Coordinate	Largest tested grid	Median runtime	Interior invalid share
`K`	`121 x 241`	3.51 ms	0.0%
`logK`	`121 x 241`	4.15 ms	0.0%

The full figure is available at localvol_scaling.png.

Tree scaling¶

The CRR benchmark remains useful for convergence discussion, but the published numbers make its placement clear: it is an interpretable reference path, not the preferred engine for repeated European-vanilla work at large step counts.

`n_steps`	Median runtime	Absolute error vs Black-Scholes
`200`	47.2 ms	9.90e-03
`1000`	1.7 s	1.98e-03
`5000`	40.4 s	3.96e-04

The full figure is available at tree_scaling.png.

Environment and reproducibility¶

Snapshot environment: Python 3.12.0, NumPy 2.4.0rc1, SciPy 1.16.3, pandas 2.2.3, 16 logical CPUs.
Treat the absolute timings as machine-specific. The defensible signal is the relative slope of each curve, the runtime/error tradeoff, and which workflow dominates the stage budget.
The machine-readable snapshot used for this page is committed under benchmarks/artifacts/, with stable summary metadata in benchmarks/artifacts/performance_summary.json.

To reproduce the published bundle from a standard project environment:

python -m pip install -c scripts/ci-constraints.txt -e ".[dev,docs,plot]"
RUN_BENCHMARKS=1 pytest benchmarks -q --benchmark-only --benchmark-json benchmarks/artifacts/pytest-benchmark.json --benchmark-verbose
python scripts/build_benchmark_artifacts.py --pytest-benchmark-json benchmarks/artifacts/pytest-benchmark.json
python scripts/render_performance_page.py

The pytest-benchmark JSON is kept as the raw timing record. The publishing script turns that raw run plus direct error and reference computations into committed CSV, JSON, and figure artifacts for docs use.

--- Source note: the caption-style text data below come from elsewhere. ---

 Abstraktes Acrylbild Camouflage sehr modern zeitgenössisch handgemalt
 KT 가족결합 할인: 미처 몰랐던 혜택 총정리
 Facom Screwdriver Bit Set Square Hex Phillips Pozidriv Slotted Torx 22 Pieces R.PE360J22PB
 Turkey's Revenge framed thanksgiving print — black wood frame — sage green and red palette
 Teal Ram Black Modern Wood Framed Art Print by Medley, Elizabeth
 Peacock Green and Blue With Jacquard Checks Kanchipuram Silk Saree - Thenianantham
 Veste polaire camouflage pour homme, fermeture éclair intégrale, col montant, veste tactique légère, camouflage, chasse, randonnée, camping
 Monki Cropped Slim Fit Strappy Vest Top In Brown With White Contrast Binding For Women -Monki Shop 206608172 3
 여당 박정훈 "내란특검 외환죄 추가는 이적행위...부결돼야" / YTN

What These Benchmarks Justify¶

The benchmark bundle is strongest when it supports a design decision rather than advertising a runtime in isolation.

Main takeaway

The published evidence supports concrete defaults:

prefer the vectorized implied-vol slice path for smile and surface workloads
treat medium PDE grids as the practical starting point and escalate when the error budget says otherwise
discuss digital payoffs together with the remedy choice, not just the runtime line
spend optimization effort on surface fitting or PDE repricing before touching the already-cheap handoff stages

What this bundle does not prove

It does not establish machine-independent latencies, universal optimal grids, or blanket claims about every payoff family. It justifies relative workload choice, bounded numerical escalation, remedy necessity for digital payoffs, and optimization order inside the committed publication scenarios.